On View: May 20 – September 5, 2021
The Phillips Collection is delighted to announce its 29th Intersections project, Marley Dawson’s ghosts. The Australian artist has created a site-specific project in two parts that respond to the Phillips’s collection and architecture. Intersections—Marley Dawson: ghosts will be on view from May 20–September 5, 2021. The Embassy of Australia and HEMPHILL Artworks in Washington, DC, are organizing concurrent presentations of the artist’s most recent body of work.
“We are thrilled to have the innovative Marley Dawson create these kinetic pieces that engage so whimsically with the museum space and artwork. As part of our centennial celebration this Intersections project continues to forge new connections between then and now, and reimagine the history of the Phillips in the present,” says Dr. Vesela Sretenović, Senior Curator of Modern and Contemporary Art.
“The theme of Dawson’s work connects to our centennial year, as we reflect on the Phillips’s past and plan a new way forward,” explains Vradenburg Director and CEO Dorothy Kosinski. “This multifaceted collaboration also suits our dedication to founder Duncan Phillips’s values by connecting with our local community and engaging with our globalized world.”
Inspired by the dramatic architecture of the Phillips’s Goh Annex stairway, Dawson produces two groups of kinetic sculptures that accentuate its spiral configuration. In the first group—comprised of five chairs made in brass and suspended from the dome at different heights and rotating at different axis points—the artist creates a dialogue with both the stairway railing and the Phillips’s early Modernist-Arts-and-Crafts-style chairs. While the shape and size of Dawson’s chairs mirrors the Phillips chairs, the brass he uses is the same as the brass used for the railing. Whereas the museum’s chairs are heavy and sturdy, Dawson’s are weightless and almost translucent; they function like ethereal ghosts of actual objects.
Dawson’s other piece—a wall mounted sculpture consisting of hundreds of brass rods hung on a machined brass track and assembled to allow movement—converses with Morris Louis’s painting Number 182. The sculpture is scaled to two thirds, which is precisely Dawson’s height, and the rods are arranged in various patterns to achieve the striped finish of the original painting. A small motor attached to the work oscillates the rods to give them a sway and hum that echo the shimmering radiance of Louis’s painting.
Much like with his hanging chairs, Dawson reverses immaterial with material, shifting the liquidy stripes of Louis’s painting into a solid sculptural mass. Entitled ghosts, the project reimagines the history of the museum in the present.
About Marley Dawson
Marley Dawson (b. 1982, Wellington, NSW; lives and works in Australia) uses physics, chemistry, and engineering to construct experimental sculptures and installations that highlight the uncanny or surreal aspects of our everyday life. He often turns gallery space into a hall of wonder populated with sculptural works that look like familiar utilitarian objects—such as furniture, motor vehicles parts, baseball bats, or miniature rockets—but are instead imaginary art constructs. Dawson received a Bachelor and Master of Visual Arts from Sydney College of the Arts, Australia. His work has been exhibited in Australia at Roslyn Oxley9 Gallery, Sydney; Museum of Old and New Art, Hobart; and the Awesome Arts Festival, Perth; Para/Site, Hong Kong; and in Washington, DC at the Embassy of Australia and Hillyer Art Space.

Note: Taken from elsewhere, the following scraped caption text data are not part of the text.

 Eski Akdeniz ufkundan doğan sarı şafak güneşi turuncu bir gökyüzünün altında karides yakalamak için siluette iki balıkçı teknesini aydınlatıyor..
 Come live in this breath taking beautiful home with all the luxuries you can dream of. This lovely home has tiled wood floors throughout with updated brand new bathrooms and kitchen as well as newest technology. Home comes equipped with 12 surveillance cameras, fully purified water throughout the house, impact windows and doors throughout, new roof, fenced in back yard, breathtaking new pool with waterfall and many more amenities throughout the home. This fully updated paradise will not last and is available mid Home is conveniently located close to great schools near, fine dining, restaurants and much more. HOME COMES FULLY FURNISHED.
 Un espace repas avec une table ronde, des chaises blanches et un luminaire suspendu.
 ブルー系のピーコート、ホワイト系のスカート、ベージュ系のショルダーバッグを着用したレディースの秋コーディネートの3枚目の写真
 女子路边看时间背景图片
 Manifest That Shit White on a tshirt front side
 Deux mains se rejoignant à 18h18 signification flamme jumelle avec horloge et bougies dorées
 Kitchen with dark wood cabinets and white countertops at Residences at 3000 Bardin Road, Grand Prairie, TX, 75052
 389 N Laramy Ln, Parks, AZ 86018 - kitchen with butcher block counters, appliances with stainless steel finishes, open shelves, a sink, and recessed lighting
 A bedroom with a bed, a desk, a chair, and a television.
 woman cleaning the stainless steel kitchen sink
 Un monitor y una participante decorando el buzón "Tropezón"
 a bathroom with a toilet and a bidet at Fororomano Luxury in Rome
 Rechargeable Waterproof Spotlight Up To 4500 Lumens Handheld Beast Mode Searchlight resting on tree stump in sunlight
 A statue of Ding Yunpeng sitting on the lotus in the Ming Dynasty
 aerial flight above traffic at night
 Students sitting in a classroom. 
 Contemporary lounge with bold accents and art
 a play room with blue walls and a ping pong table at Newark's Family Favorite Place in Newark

Intersections at the Phillips
The exhibition is part of Intersections, the Phillips’s ongoing series of contemporary art projects in which artists are invited to produce work that engages the museum’s architecture and/or permanent collection, exploring the intriguing intersections between past and present. Inaugurated in 2009 and led by Senior Curator of Modern and Contemporary Art Vesela Sretenović, the Phillips’s Intersections series has presented 29 projects from the US and abroad. The artists have created diverse projects—both aesthetically and conceptually—and employed various media, from wall-drawing, rubber-painting, and digital photography to video projection and yarn installation.
Intersections is presented by University of Maryland
About the Phillips Collection
The Phillips Collection, America’s first museum of modern art, was founded in 1921. The museum houses one of the world’s most distinguished Impressionist and American modern art collections, and continues to grow its collection with important contemporary voices. Its distinctive building combines extensive new galleries with the former home of its founder, Duncan Phillips. The Phillips’s impact spreads nationally and internationally through its diverse and experimental special exhibitions and events, including its award-winning education programs for educators, students, and adults; dynamic Phillips Music series; and popular meditation and Phillips after 5 events. The museum contributes to global dialogues with events like Conversations with Artists and Artists of Conscience. The Phillips Collection values its community partnerships with the University of Maryland—the museum’s nexus for scholarly exchange and interdisciplinary collaborations—and THEARC—the museum’s satellite campus in Southeast DC. The Phillips Collection is a private, non-government museum, supported primarily by donations.